Even more horrific than the stories of the displaced and the continuous stream of incident reports are the evident long term consequences of this crisis. Absent security in and around their homes, the displaced are destined to remain in camps for the foreseeable future, dependent on the outside world for aid and increasingly determined to fight – and defeat – their opponents.
Meanwhile, in encouraging Darfur's tribal militia to defend what they call "public security," the Sudanese government has let a treacherous genie out of the bottle. By authorizing the Arab militia to rape and pillage at will, Khartoum is exploiting a cleavage that extends across western Sudan, into neighboring Chad and all the way to Mauritania.

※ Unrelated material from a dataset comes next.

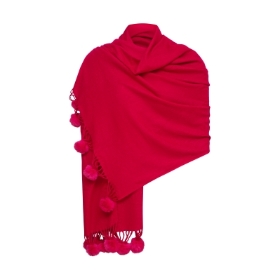 Pom Pom Scarf Red
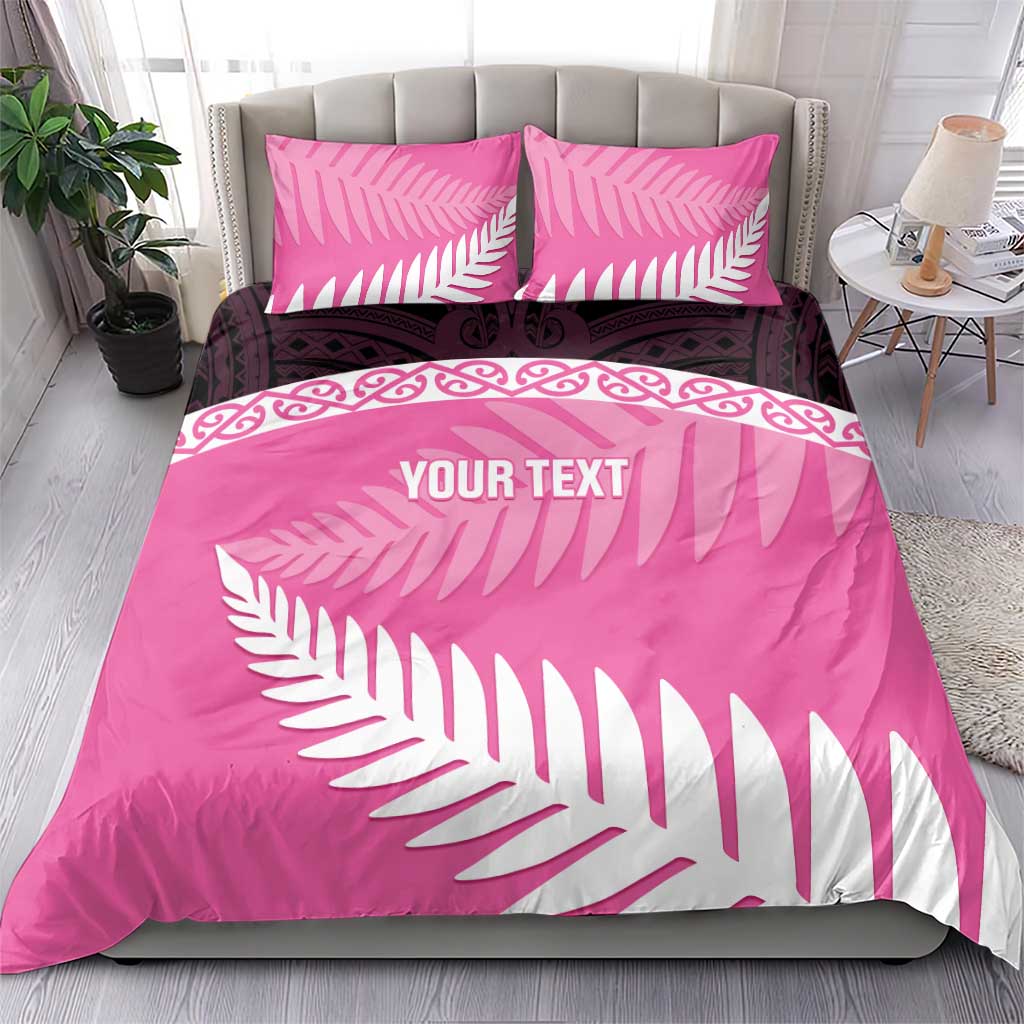 Custom New Zealand Aotearoa Cricket Bedding Set Go White Silver Fern - Vibe Hoodie Shop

Much of sub-Saharan Africa's northern belt is characterized by division, with the Sahelian zone populated largely by Muslims and home to more nomads than the more settled, non-Muslim lands to the immediate south. North-South schisms, often mirrored by splits between Arabs and Africans, and pastoralists and settled farmers, have increased as desertification has pushed the borders of the Sahel further south. Traditional land tenure arrangements have not kept pace with growing poverty and environmental degradation, and nomadic and settled populations are frequently forced to compete for land and water.
By employing Arab militia as its proxy, the Sudanese government has exploited local tensions to unleash a cycle of violence that threatens the lives of millions and, ultimately, the viability of the Sudanese state. While ethnic and tribal tensions are nothing new, the government's deliberate manipulation across Sudan – of Arabs against Africans, of tribe against tribe, of northerners versus southerners, and Muslims against Christians – is destroying the fragile unity that has held this diverse country together.
Few believe that center can hold, unless the policies change or the government does. It is only a matter of time before violence erupts in eastern Sudan, where the Beja people – who like many Darfuris are Muslim but not Arab – have suffered decades of marginalization. As in the south, and now Darfur, the government's response will more likely be to attack rather than to accommodate.
Khartoum has played this card before. Marauding militia were deployed against southern rebels in the Bahr al Ghazal region, and state policy in the disputed Nuba Mountains was to depopulate and impoverish that region. The unleashing of an Arab militia in Darfur does not mark the first time that the Sudanese government has opted for decimation in the face of popular rebellion. And unless the international community moves quickly, it will not be the last.
Gayle Smith, a senior fellow at the Center for American Progress, served as a special assistant to the president and senior director for African Affairs at the National Security Council during the Clinton administration.